After an incredible week with Monte, Ryan and I made our way down to his rafting buddy and fellow lodge owner Rex Bryngleson place called La Posadade los Farios Lodge located on the Rio Cisnes aka Swan River.
So during my time at El Saltamontes aka the Grasshopper, I got this idea to take a picture that would emphasize the idea that there were a lot of hoppers around the area. Never got around to doing it at Jose and Erika´s. But the idea came back top me when I came to Monte´s place and every step you took along the banks scattered thousands of them. The idea was that I would have someone with a bunch of grasshoppers cupped in there hands and then when I gave them the go, I would then capture the hoppers exploding out in every direction trying to escape.
Ryan volunteered his hands for the model shoot and now all I needed was the bugs. We spent upwards of an hour wandering and diving into grass and brush trying to capture enough grasshoppers. I figure we ended up with about a couple hundred which we kept in a plastic bottle until showtime. Everything worked smoothly except them. When I had Ryan open his hands it was like the hoppers were all stunned and they just clung to his hands without moving. After a couple shakes, a few did there part and complied to spring from his hands as pictured above. I still think the idea could work but for now it´s back to the drawing board.
We said our goodbyes to Jose and Erika and were shuttled northward up to Coyhaique to meet up with Monte Becker, owner of Patagonia Drifers. Monte runs his lodge with the help of his wife and her mother, brother, sister and their two little boys. Right away we started out fishing on a little lake that craddled large browns.
So in the middle of the week, I was out fishing with a couple of the clients at El Saltamontes. When photographing fly fishing, often times there are moments when not much is going on. Either your subject is untangling knots or the fishing may be slow. For the past half hour, we had been trying to hook into a brown trout we saw swiming in a particular eddy without success. Normally, it is in these situations that I will start looking beyond the subject for anything else that might catch my eye. It was during one of these moments when I was looking upstream away from the client when all of a sudden he shouts ¨Mink!¨ Sure enough I turn around to see this small brown weasel-like animal hoping upstream towards me. The client was on the opposing bank and I was on the side of the Mink. I watched as the mink scampered up the river rocks towards me with his eyes locked onto the fishing hole we had been occupying. Standing up on a rock, not ten feet away from me, he looked into the hole and dove out of sight. For the next minute we stood there dumbfounded as we watched this mink catch the very same brown we had been casting to and drag it up onto shore. I have never seen anything like it.
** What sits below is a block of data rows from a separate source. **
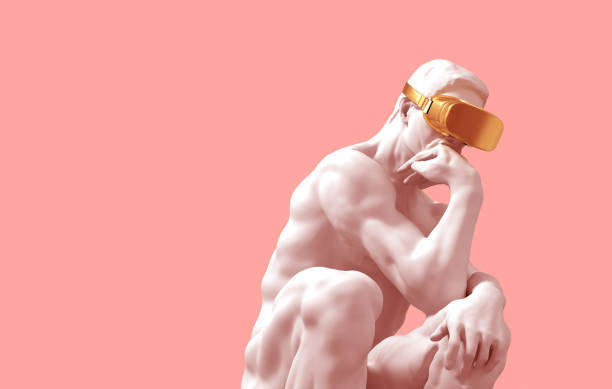 istock Thinker With Golden VR Glasses Over Pink Background 1175936020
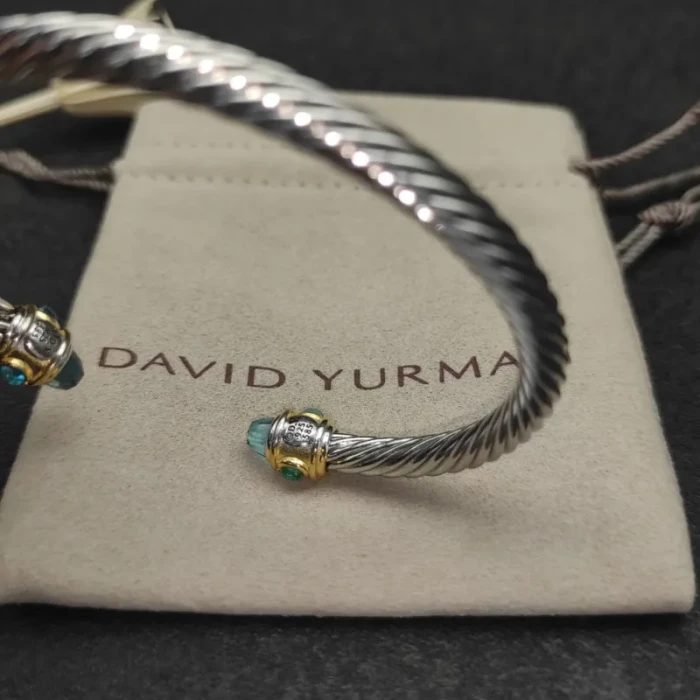 David Yurman 5mm Gold Cable Bracelet with Faceted Edge Design and Blue Diamonds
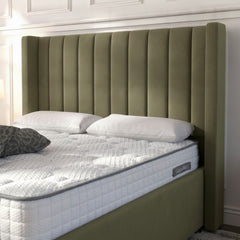 Carlton Olive Ottoman Bed with Gas-Lift Storage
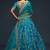 Teal blue Thread, Zari, Dori, and Sequins Embroidered Art Silk Semi Stitched Bridal Lehenga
Mink like beavers are invasive species to Chile and Argentina and they have been threatening the native trout populations throughout numerous river systems down here. So when we got over the shock of being out fished by a 3 foot rodent, we tried to come to the rescue of the 14 inch brown and started trying to get it away from it´s captor. Our guide grabbed a stick in attempts to separate the animal from its catch. Mink fight back. After a hissing and stick scratching match the mink finally was able to drag the trout into a thick wood pile where our sticks could not reach. The trout was lost and the mink, in a victorious bragging move kept poping out of his little hole, chomping on bits of fresh trout and staring at us as if to say ¨Better luck next time fellas.¨ We admitted defeat.
Before the Jose and Erika, owners of the El Saltamontes Lodge, got into the fly fishing business, they had begun a very small Alpaca farming operation. Now many moons later, their Alpaca business has grown into and they have become the largest exporters of Alpaca fur in their region. I was able to watch a morning sheering session of some of the prized males that they own.
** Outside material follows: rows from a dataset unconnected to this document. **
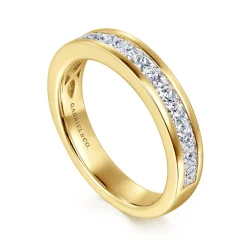 Sale Gabriel & Co. 14K Yellow Gold Princess Cut Channel Prong Set Diamond Anniversary Band - 0.95 ct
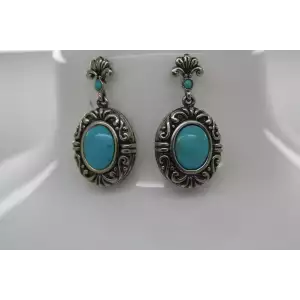 Signed NF .925 S.S. Oval TURQUOISE SCROLL DESING DANGLE earrings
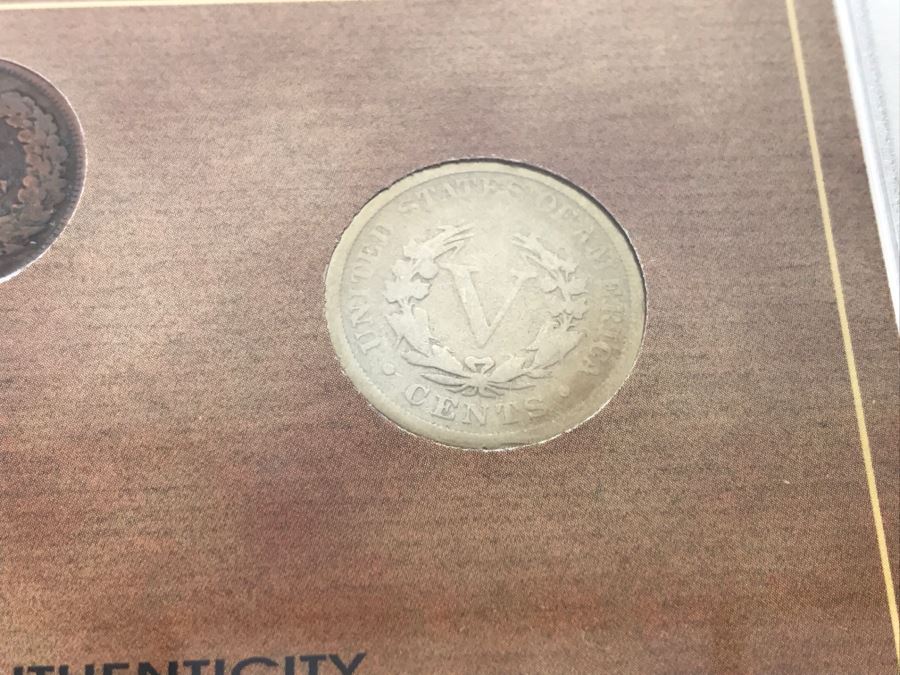 Three Rare Coins - Buffalo Nickel, Indian Cent And Liberty Nickel In Plastic Display Case [Photo 10]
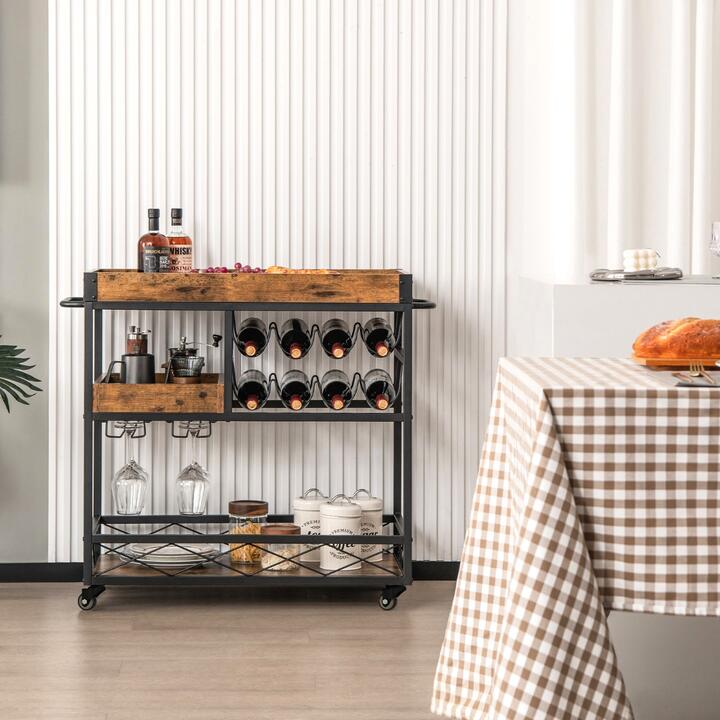 Costway3-Tier Rolling Bar Cart with Removable Tray for Dining Room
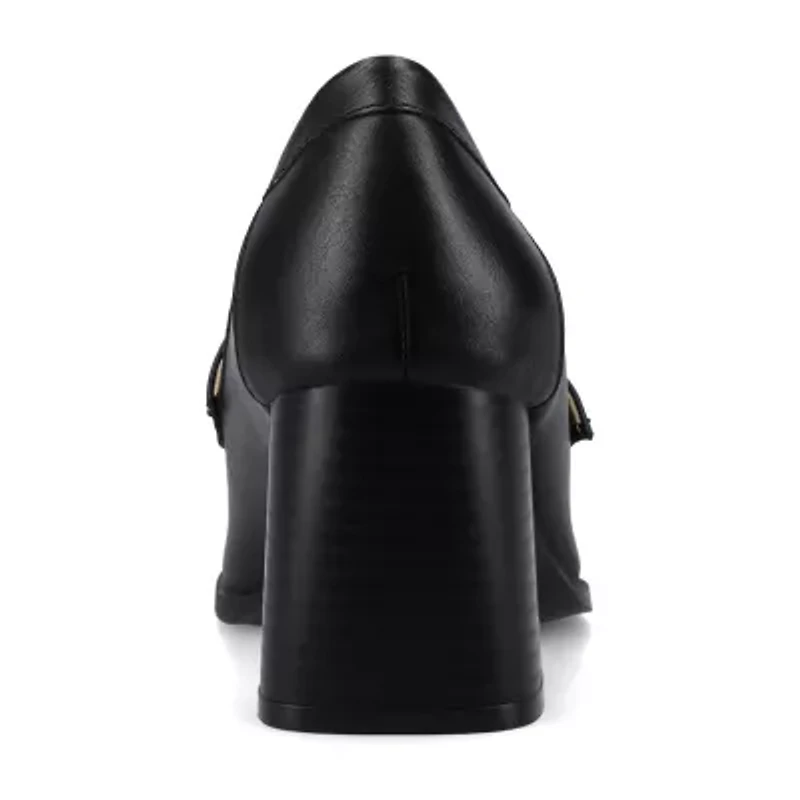 Journee Collection Womens Square Closed Toe Stacked Heel Pumps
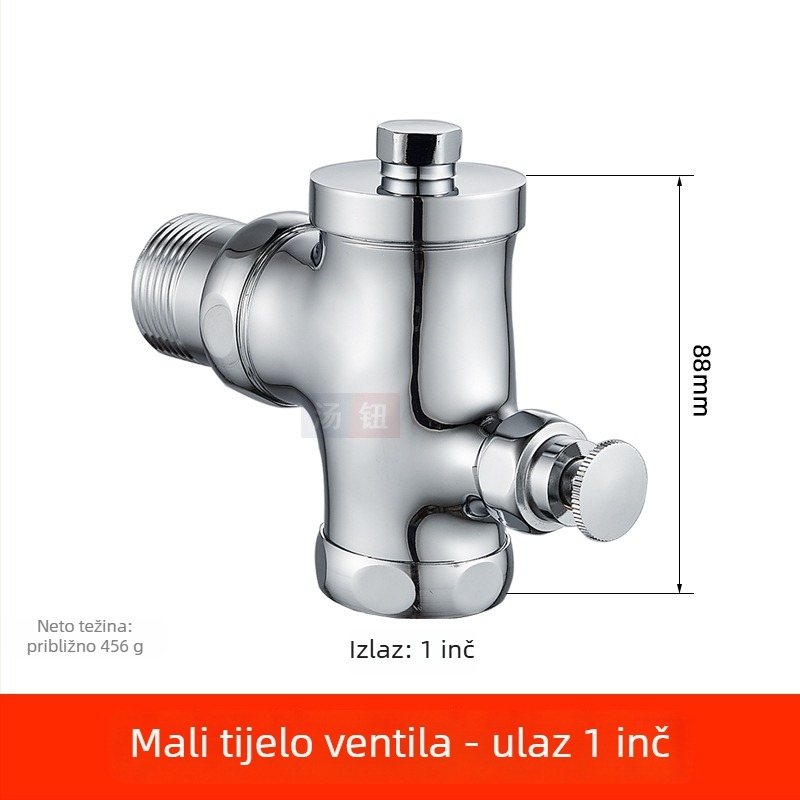 Ugradena u zid skrivena ventila za ispiranje klozeta u čučnju, 1-inčni ručni odgađeni ispiranje, pedalni prekidač, model 311B, bakar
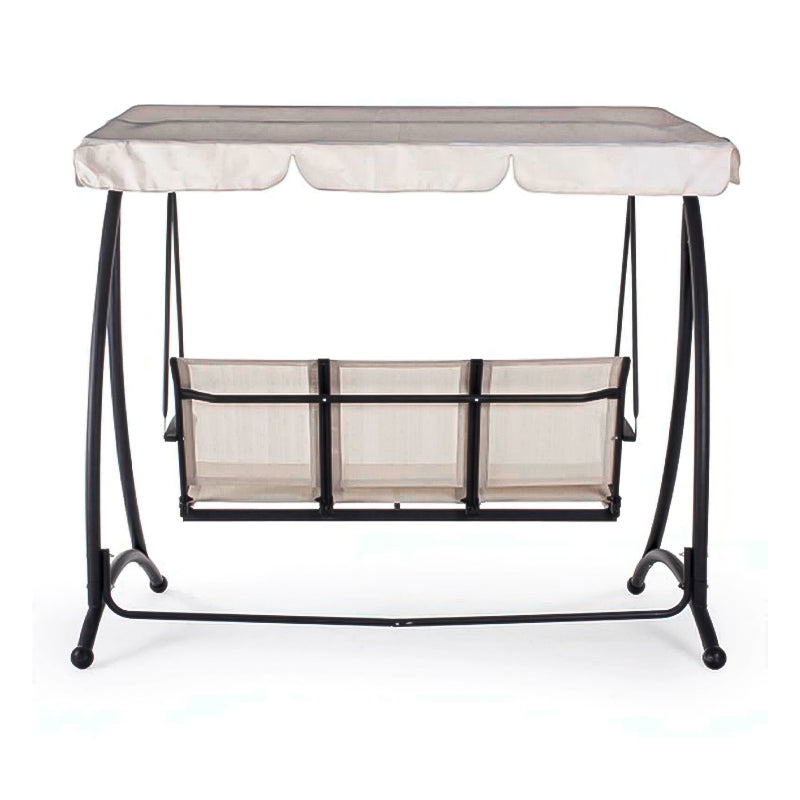 Dondolo da giardino 3 posti in acciaio per esterno veranda con parasole e cuscini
There is no such thing as shortage of fisheries for the El Saltamontes (aka espanol for “grasshopper“) Lodge. In just three days, Ryan and I were able to cram every minute with a large variety of water systems to fish.
Our first of three days fishing at El Saltamontes started off at this beautiful lake. The brown trout would hide in amongst the weeds and cruise the shoreline underneath summerged trees.
After our week at PBC lodge, Ryan and I said our goodbyes to Marcel and Carolina and hopped a plane north to Balmaceda towards our next destination, El Saltamontes Lodge. We met by Jose, the lodge owner at the airport, piled into his Dodge Ram (which was weird to see after such a long time down here in the Patagonia with the smaller more efficient trucks) and chatted with him over the two hour car ride in to his lodge. Upon arriving, the sun was setting and I noticed large alpaca herds that were grazing on his land. It turns out that the lodge is the largest working alpaca ranch in the region and that exports to the States and Asia a couple times a year. Jose´s daughter Natalia took Ryan and I over for a closer look at them.